▶ ABOUT THIS TASK: Transcribe the data underneath exactly. No images belong in your version.

▶ DATA EXCERPT:

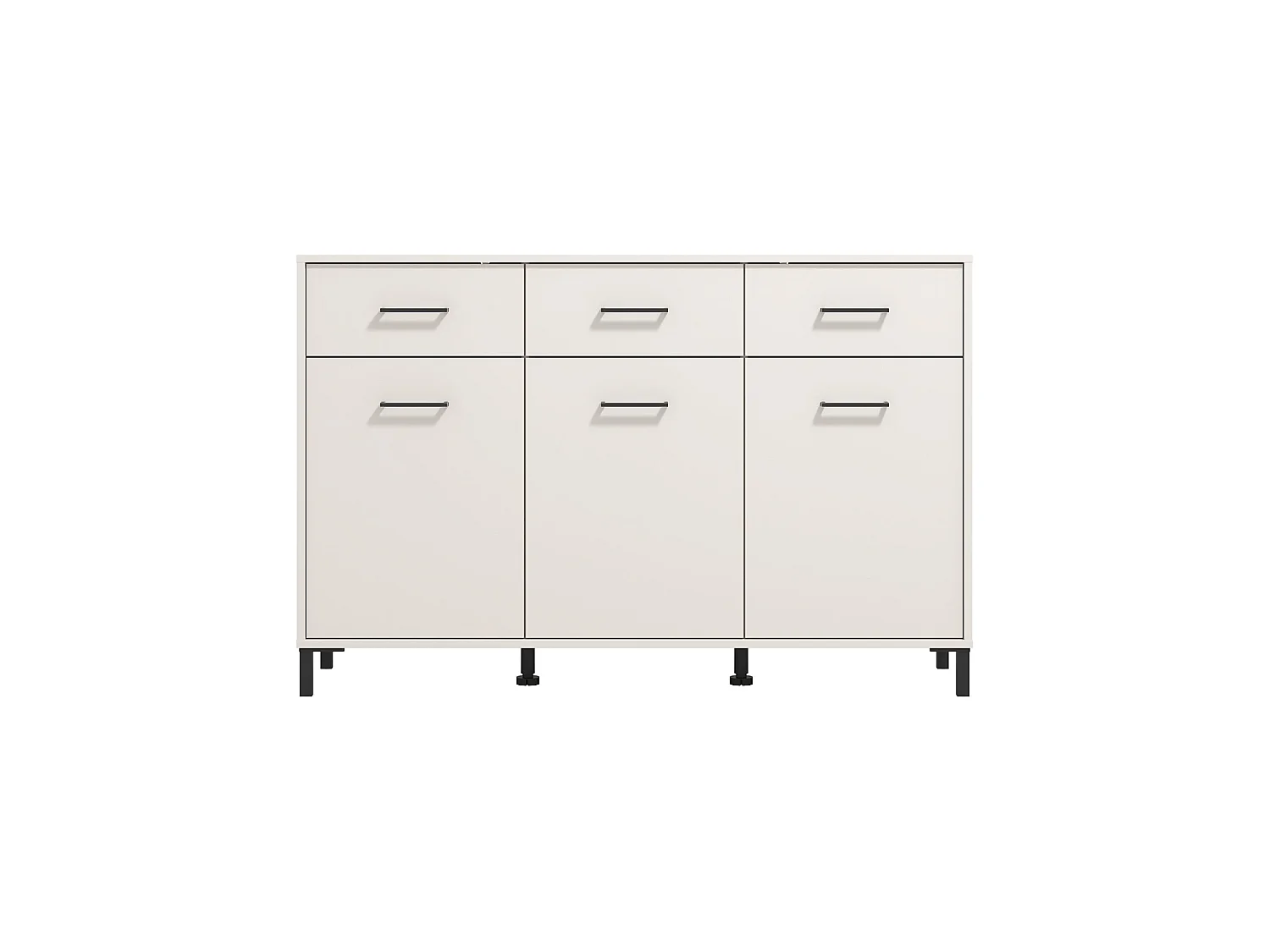 Buffet Laerru, 3 tiroirs, 138x40x90h cm Blanc Crème, Enfilade, 3 étagères, Portes battantes, Coulissante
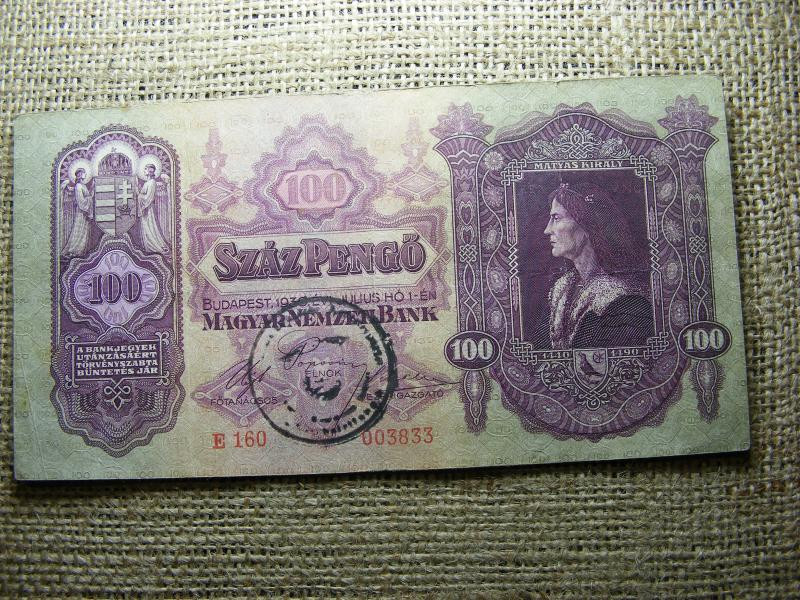 100 pengő, 1930, Náci felülbélyegzéssel
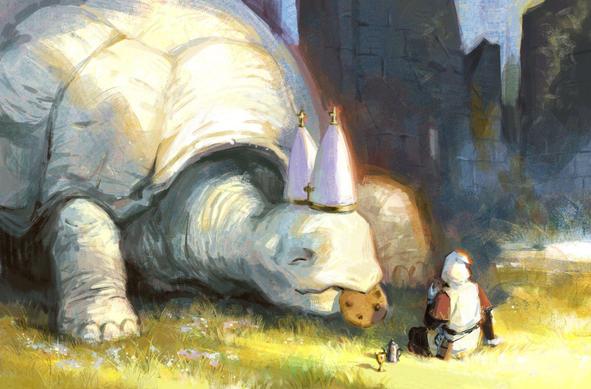 Dessin représentant une tortue géante, avec un chapeau de pape et le personnage principal du jeu, encapuchoné, assis face à elle. Les 2 sont en train de partager un gouter. La tortue mange un (gros) cookie et un thermos (ou cafetière ?) et un verre sont posés à côté d'eux.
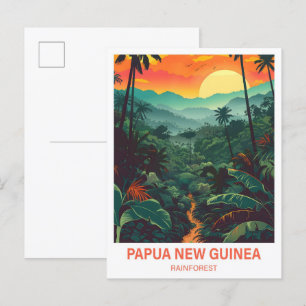 Papua New Guinea Rainforest Illustration Travel Postcard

▶ SOLUTION:
 Buffet Laerru, 3 tiroirs, 138x40x90h cm Blanc Crème, Enfilade, 3 étagères, Portes battantes, Coulissante
 100 pengő, 1930, Náci felülbélyegzéssel
 Dessin représentant une tortue géante, avec un chapeau de pape et le personnage principal du jeu, encapuchoné, assis face à elle. Les 2 sont en train de partager un gouter. La tortue mange un (gros) cookie et un thermos (ou cafetière ?) et un verre sont posés à côté d'eux.
 Papua New Guinea Rainforest Illustration Travel Postcard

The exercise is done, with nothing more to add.